Task item ▸ Copy each line, word for word, from the one with "Чиж золотий - ML645612913" through the final line of the listing, but skip the pictures.

Data under study ▸
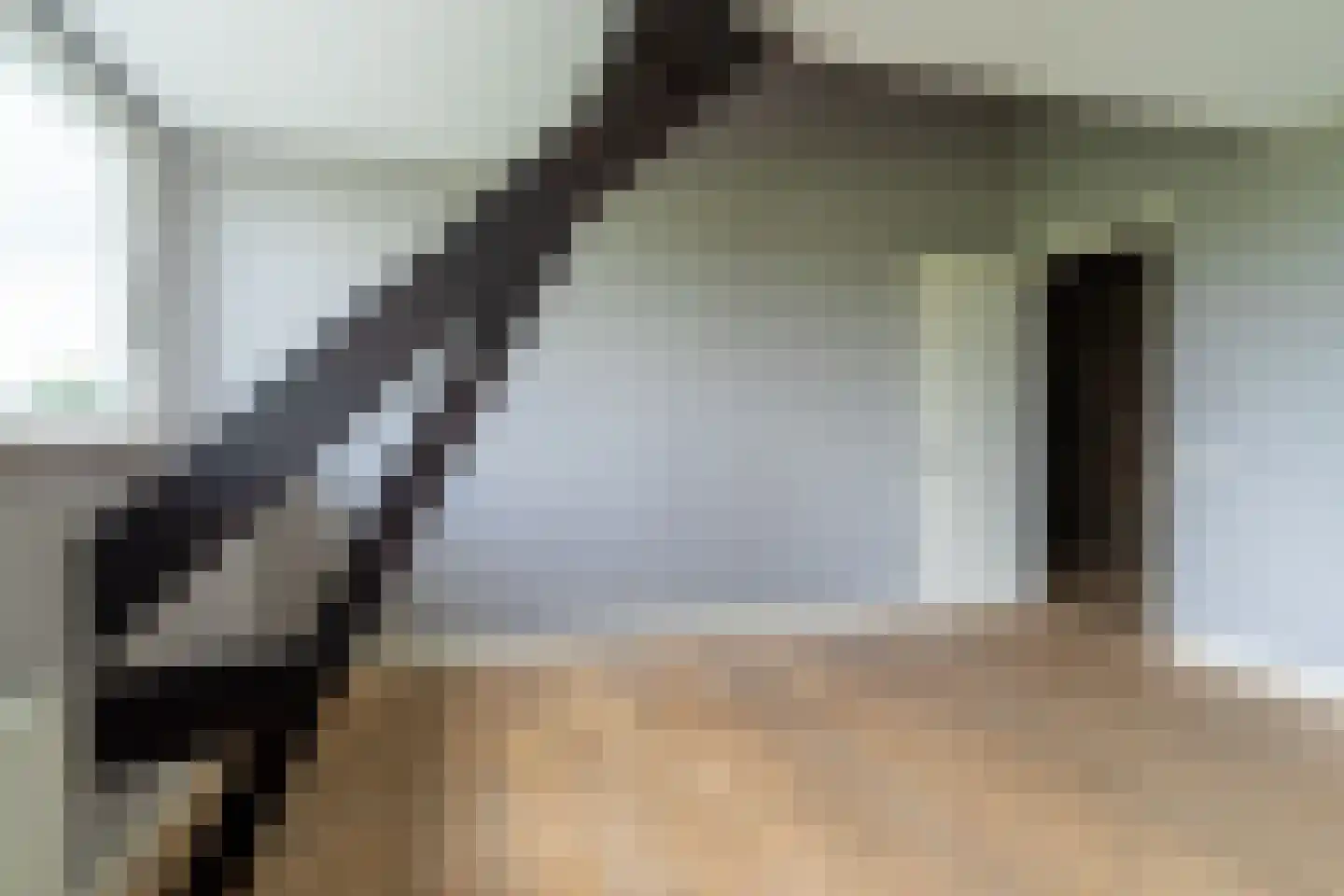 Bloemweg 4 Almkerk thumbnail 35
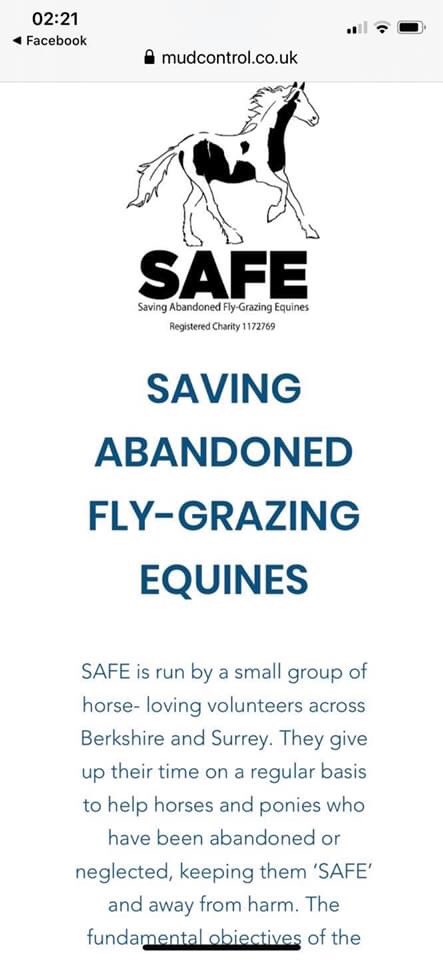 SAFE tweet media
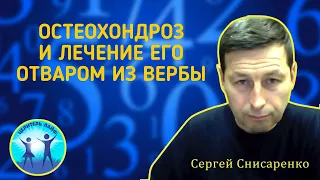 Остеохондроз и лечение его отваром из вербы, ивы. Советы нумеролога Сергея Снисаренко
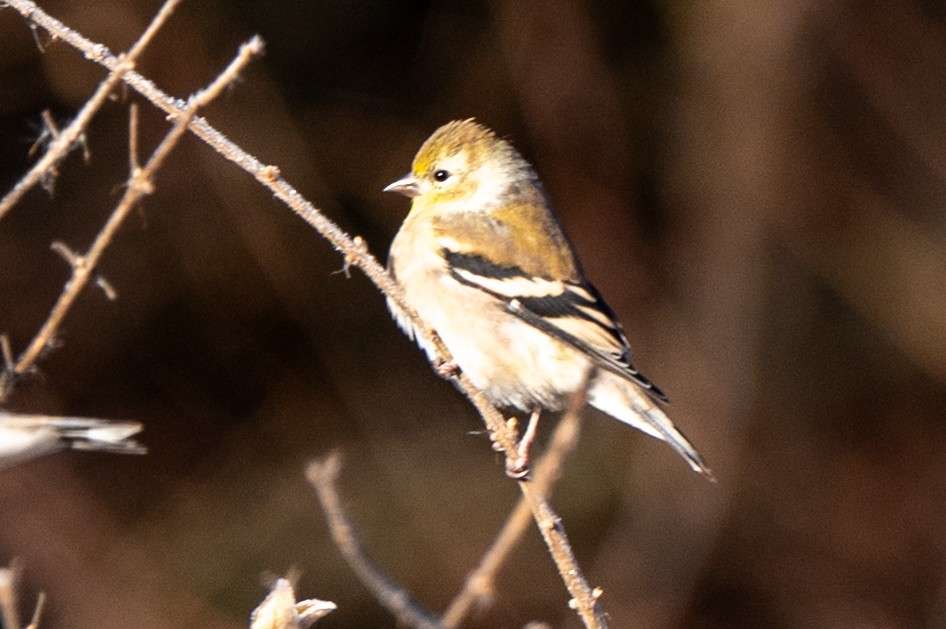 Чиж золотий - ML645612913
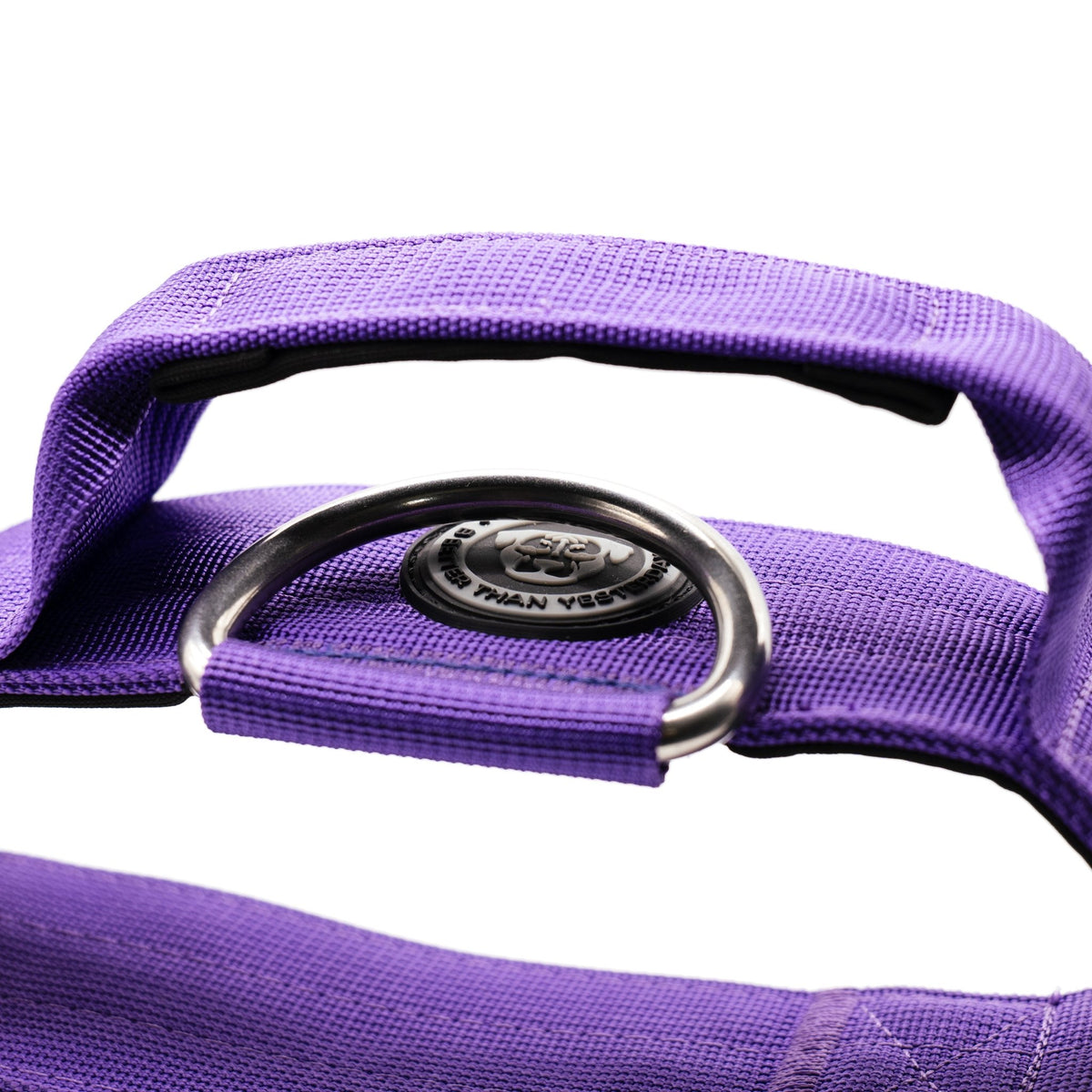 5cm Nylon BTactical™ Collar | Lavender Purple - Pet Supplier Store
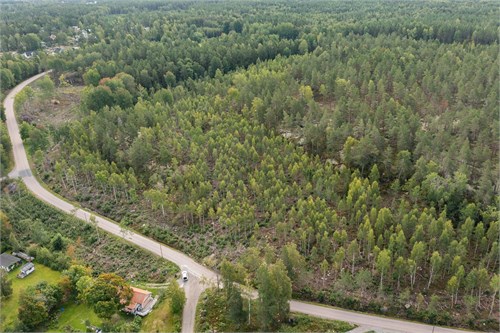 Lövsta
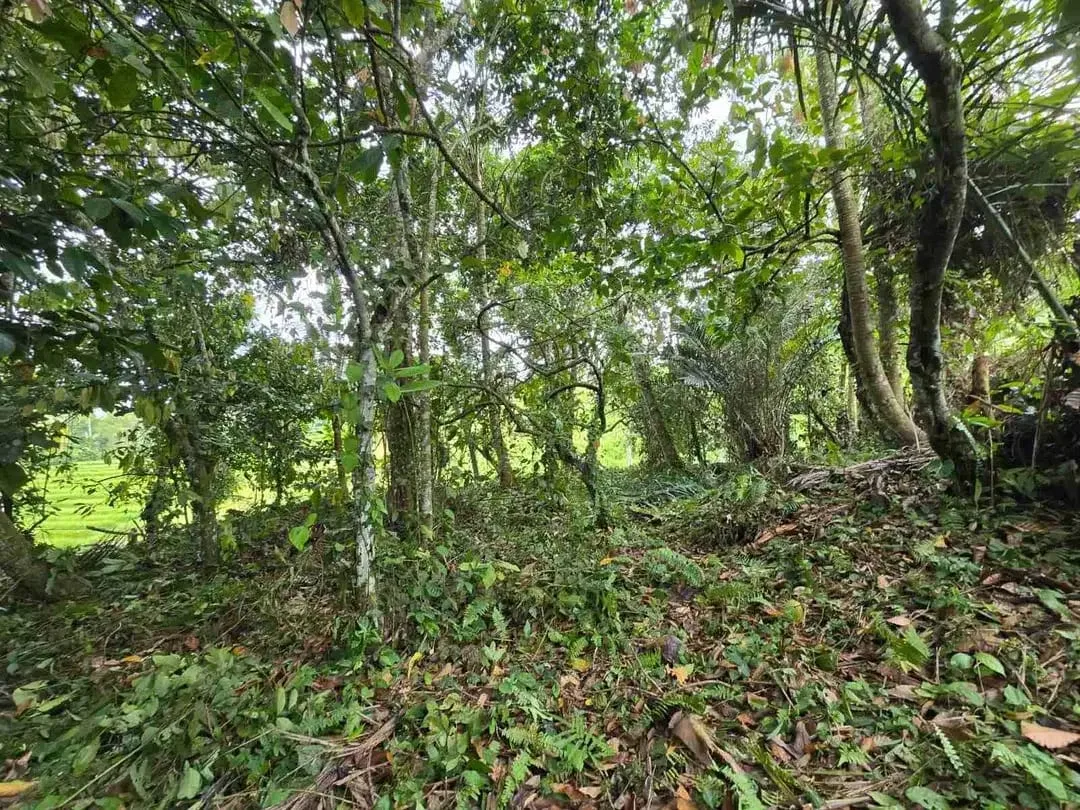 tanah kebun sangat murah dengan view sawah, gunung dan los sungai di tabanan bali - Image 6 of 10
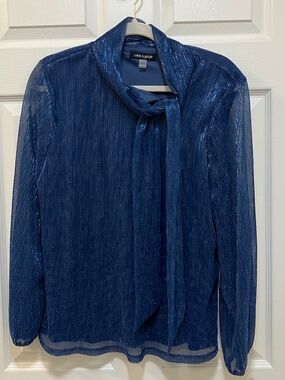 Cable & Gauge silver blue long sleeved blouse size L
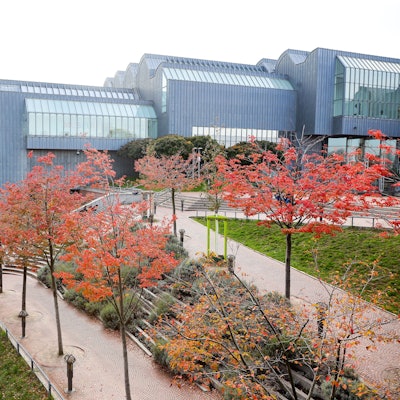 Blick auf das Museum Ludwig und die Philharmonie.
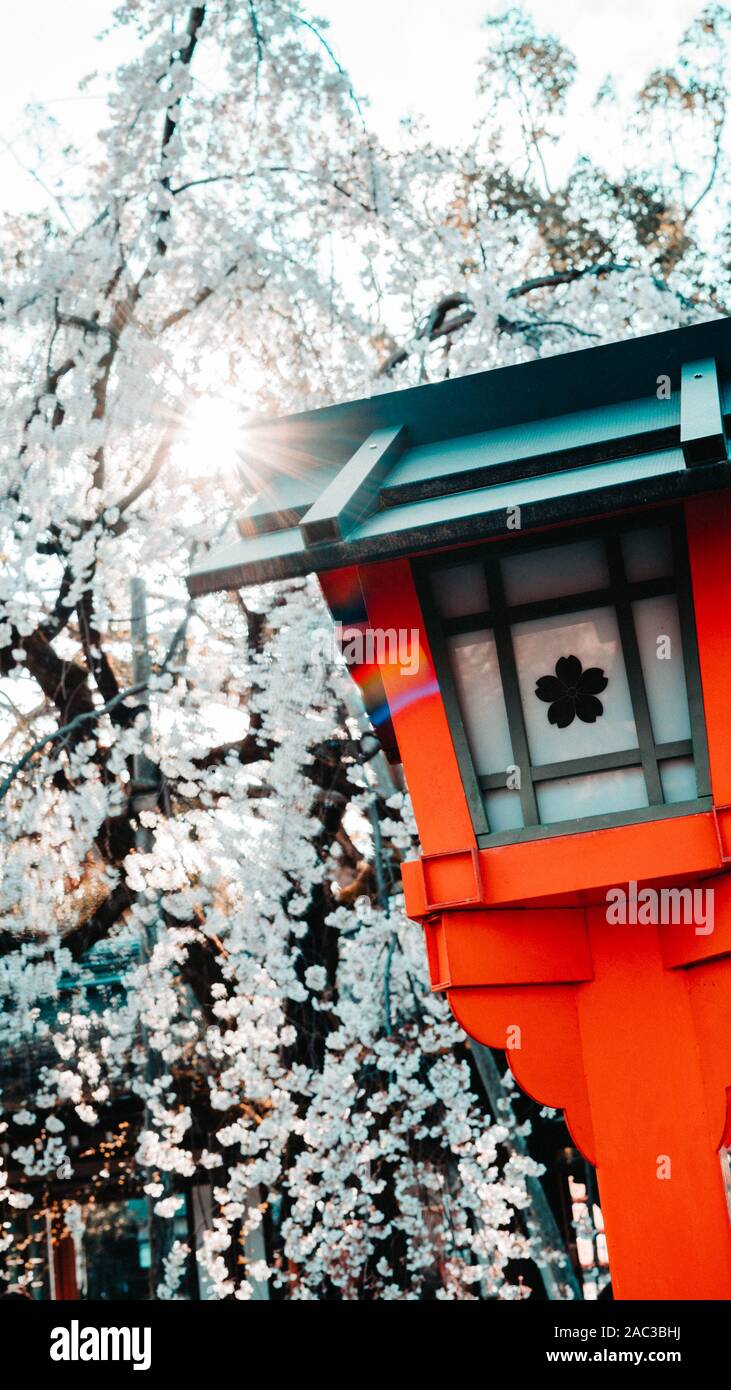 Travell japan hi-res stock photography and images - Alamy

Solution ▸
 Чиж золотий - ML645612913
 5cm Nylon BTactical™ Collar | Lavender Purple - Pet Supplier Store
 Lövsta
 tanah kebun sangat murah dengan view sawah, gunung dan los sungai di tabanan bali - Image 6 of 10
 Cable & Gauge silver blue long sleeved blouse size L
 Blick auf das Museum Ludwig und die Philharmonie.
 Travell japan hi-res stock photography and images - Alamy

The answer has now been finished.